The D.C. special education system’s odyssey through the federal courts continues. On Wednesday, U.S. District Judge Royce C. Lamberth ruled that while there has been some improvement, the District needs to dramatically ramp up its efforts to identify, assess and serve preschool-age children with special needs.

And after multiple attempts to end court supervision and return sole responsibility for special education transportation service to the District, Judge Paul L. Friedman has extended the “transition period” to Oct. 31, 2012.

The District has been so challenged by the task of providing reliable transportation to about 3,500 special education students that its bus service has been under federal court supervision for much of the last decade, a product of the Petties class action lawsuit. Based on signs of improvement last year, Friedman initiated a gradual transition from his designated Transportation Administrator, David Gilmore, back to the District.

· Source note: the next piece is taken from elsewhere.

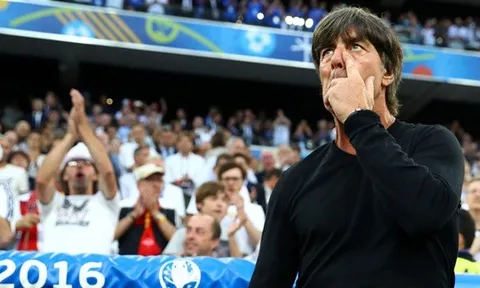 Joachim Loew "cay cú" sau thất bại trước người Pháp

But Friedman’s latest order, issued Monday, marks the fifth time that either Gilmore or the Office of the State Superintendent of Education (OSSE) requested a delay in completing the handoff because of continuing issues with service.

OSSE and Gilmore have been firing briefs and memoranda across their respective bows since early summer. Gilmore, now a court-appointed special master, asserted in a report to Friedman that OSSE “knowingly” used improperly maintained or uninspected buses to transport students, a charge that OSSE denies. Gilmore also cited substandard on-time performance, lagging maintenance and inadequate technology, that he said could plague the beginning of the 2011-12 school year.

OSSE acknowledged to Friedman that while “some limited noncompliance” remained, the opening of schools went reasonably well. On-time performance in the first month of the new school year averaged 80 percent, which the agency described as “within striking distance” of the required 94 percent. On Thursday, it placed its on-time rate at 88 percent, but did not provide a week-to-week breakdown. OSSE said in court filings that “perfection is not required” to clear the Petties bar.

Gilmore said that while OSSE had once again shown improvement — for which he pointedly credited City Administrator Allen Lew, not Superintendent Hosanna Mahaley — it had yet to demonstrate “durable compliance” with the court’s orders. Even OSSE said it could use more time, asking for an extension to April 30, 2012. Friedman sided with Gilmore and set the October 2012 deadline — probably so that OSSE will have to demonstrate that it can handle another August school opening season.